On January 3, Harold Ickes, an old friend and adviser from the 1992 campaign, had joined the administration as Deputy Chief of Staff. Bill had asked Harold, a sandy-haired, hyperkinetic lawyer, to coordinate the upcoming health care campaign. Within days he was diverted to organize a “Whitewater Response Team” composed of several senior advisers and members of the communications staff and counsel’s office. Harold was the best advocate to have in your corner during a fight. Like Kendall, he was a veteran of the civil rights movement in the South―in fact, Harold had been so badly beaten while organizing black voters in the Mississippi Delta that he had lost a kidney. Although he had spent most of his early life avoiding his legacy―at one point he worked breaking horses on a cattle ranch―he was the son of Harold Ickes, Sr., one of the most significant players in Franklin D. Roosevelt’s cabinet. Politics pumped through Harold’s veins, and the White House seemed to be his natural habitat.
Harold did his best to keep the Whitewater debate under control, but the turmoil continued in the West Wing. Each news story brought us closer to a fateful decision. The day after I returned to the White House from Hot Springs, Harold told me that he had reluctantly concluded we should request a special prosecutor.
On Tuesday evening, January 11, I arranged a conference call with Bill in Prague.
David Kendall and I met in the Oval Office with a handful of Bill’s top aides for a final debate on the issue. The scene reminded me of a cartoon I had seen: A man stood in front of two doors, obviously trying to decide which one to enter. A sign above the first door said, “Damned if you do.” The other said, “Damned if you don’t.”

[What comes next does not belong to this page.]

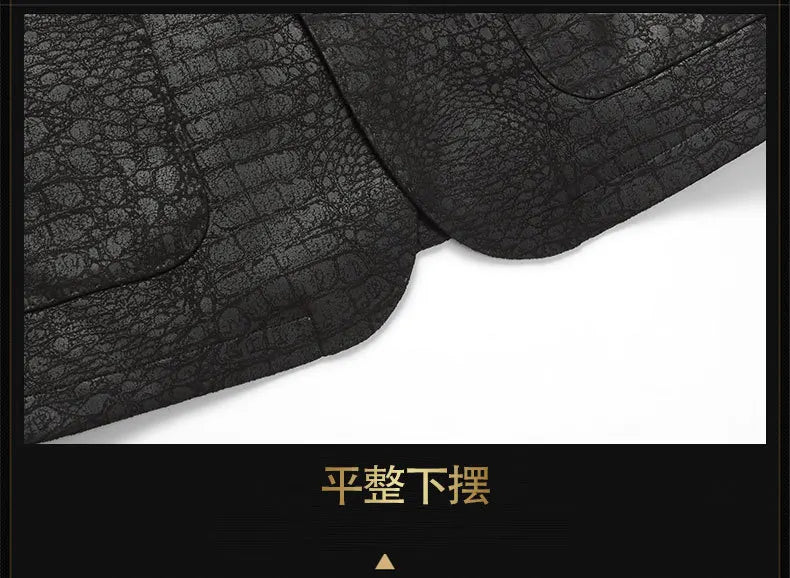 Spring Autumn New Suit Men Clothing Leather Jacket Male Leather Clothes PU Leather Coat Men's Suit Chaqueta Hombre FCY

It was the middle of the night in Europe. Bill was worn out and exasperated after days of hearing nothing but Whitewater questions from the media. He was also heartbroken about losing his mother, the one steady presence throughout his life and his chief cheerleader, offering unconditional love and support. I felt sorry for him and wished that he didn’t have to deal with such a crucial decision under these circumstances. He was terribly hoarse, and we had to lean in close to the black, batwing-shaped conference phone to hear his voice.